Using more antennas than the hardware has MIMO radios for
So even with the advent of MIMO, there have still been requests for adding even more antennas to the system. Obviously these aren't able to all have separate radios; so how are they supposed to work?
The MIMO devices have a switch table, just like other devices. But instead of having a switch table with entries for two antennas, it just relies on the MIMO behaviour to implement receive diversity.
Well, the belief here is that having multiple antennas increases the chance of finding an antenna combination that maximises received signal quality. The trick is implementing a way that determines which antenna configurations to use.
But, there are a handful of card models that have a 2-chain device (eg AR9220) with 3 external antennas. So what have they done?
In short - they've added an external antenna switch to one of the two chains. That antenna switch selects between one antenna or the other based on TX or RX behaviour.

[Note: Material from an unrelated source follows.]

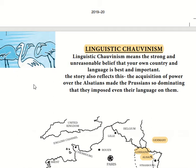The story reflects how the acquisition of power over Alsace and Lorraine made the Prussians so dominating that they imposed their language on the people. If we relate this to India, when the British came to India, they also saw our country as uneducated and not westernized, so they tried to impose English and change the culture. The same thing was happening in this region, and this is the main concept on which the chapter is based.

The antenna switch table on the MIMO chips have one antenna switch table that's common to each radio chain, and then a switch table for each radio chain. A vendor could select one of the bits of the common antenna switch table and wire it into selecting between two physical antennas.
Since there's separate table entries for TX and RX, it's also possible to use a separate antenna configuration for TX versus RX.
There's a d-link AR9220 NIC which has three antennas but only two radio chains. What they've done is overloaded the 16 bit common chain field with two 16-bit antenna configuration fields, one for each antenna configuration.
It's then up to the driver to alternate antenna configurations between the two and determine which one gives better behaviour. Since this is done by rewriting the antenna switch table rather than being done in hardware, it's going to be "slow". Ie, it's not "fast diversity." This kind of thing would be done by the rate control code, where it would track the RSSI of packet reception and success/fail rates of packet transmissions and try to maximise this.
Also, since this is done by reprogramming the switch table, it's not going to be easy to do outside of station operation. There's no way to do this switch table reprogramming for each station (well, doing it this way... but there's the shift register antenna configuration method!)
There's also at least one Mikrotik device that supports multiple external antenna configurations, again with the AR9220. Instead of using an antenna configuration stored in the EEPROM it writes hard-coded configurations from the driver.